To still allow a host to quickly terminate a Multipath TCP connection, Multipath TCP must be able to verify the validity of a packet that terminates a connection. For this, Multipath TCP defines the FAST_CLOSE option that includes a 64 bits security key. These keys are exchanged during the initial handshake and included in the state associated to a Multipath TCP connection. To quickly close a connection, a host simply needs to send the key of the remote host in a FAST_CLOSE option sent over one of the active subflows. The Multipath TCP specification defines two different methods to use the FAST_CLOSE option.
The first solution is to send the FAST_CLOSE option inside an ACK. Upon reception of such a packet, a host sends a RST over all active subflows. This is illustrated in Fig. 33.
Fig. 33 Abrupt release of a Multipath TCP connection by sending FAST_CLOSE inside an ACK
Fig. 34 Abrupt release of a Multipath TCP connection by sending a RST with FAST_CLOSE on all subflows
Coping with middlebox interference
The previous sections have explained how Multipath TCP operates at a high level. They assume a simple network that is mainly composed of hosts, switches and routers. TCP and Multipath TCP are used by the hosts. They rely on IP packets that contain the TCP segments. These packets are forwarded by IP routers and possibly switches at layer-2 before reaching their final destination. In a network that uses layered protocols, the switches only inspect the layer-2 headers, the routers only read and change the layer-2 and layer-3 headers. Neither the switches nor the routers read or modify the payload of the packets that they forward. Unfortunately, this assumption is not true on the global Internet and in enterprise networks. Besides switches and routers, these networks contains other types of equipment that process packets [32]. These devices are usually called middleboxes because they reside in the middle of the network and process packets in different ways. A detailed survey of all the different types of middleboxes is outside the scope of this document. We discuss below some of the popular middleboxes and analyze how they have influenced the design of Multipath TCP.

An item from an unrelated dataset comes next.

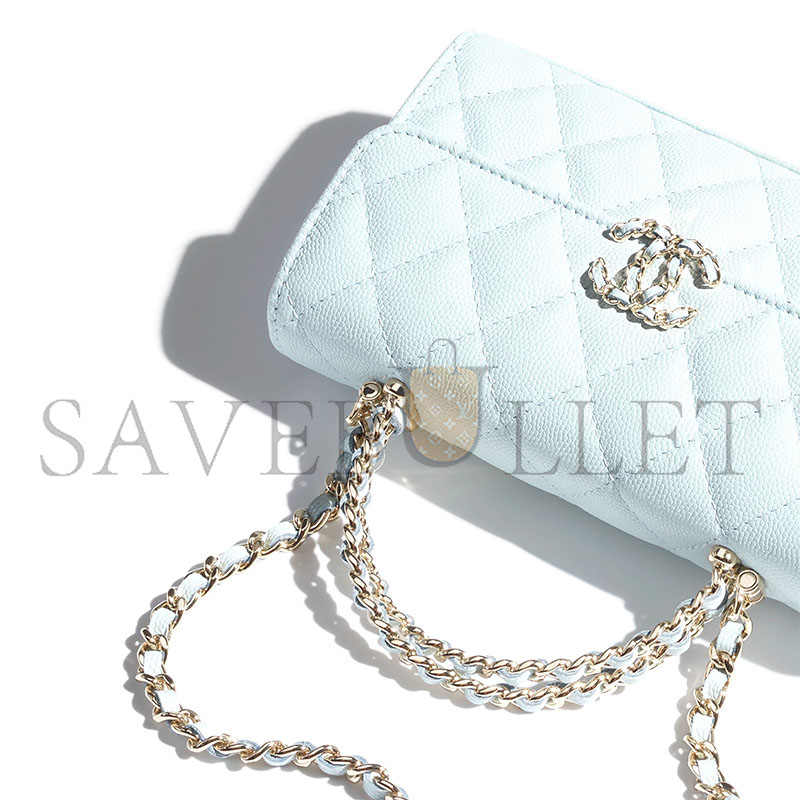 CHANEL FLAP PHONE HOLDER WITH CHAIN AP3238 (18*10*5cm)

Our first middlebox is a firewall. A firewall is a device that receives packets, analyzes their contents and then forwards or blocks the packet. The simplest firewalls are the stateless firewalls that accept or reject each individual packet. Such a firewall can accept packet based on the source or destination addresses or port numbers. Some firewalls also check the flags or the IP header or reassemble the received packet fragments. Others analyze the TCP header and verify the utilization of the TCP options. A firewall can be configured using a white list or a black list. A white list specifies all the packet fields that are valid and all the others are invalid. On the other hand, a black list specifies the packets that must be rejected by the firewall and all the others are accepted. Many firewalls use a small white list that defines the TCP options that the firewall accepts. This list typically includes the widely deployed options such as MSS [4], timestamps [33], windows scale [34] and selective acknowledgments [12]. TCP options are encoded using the Kind, Length, Value format shown in Fig. 35.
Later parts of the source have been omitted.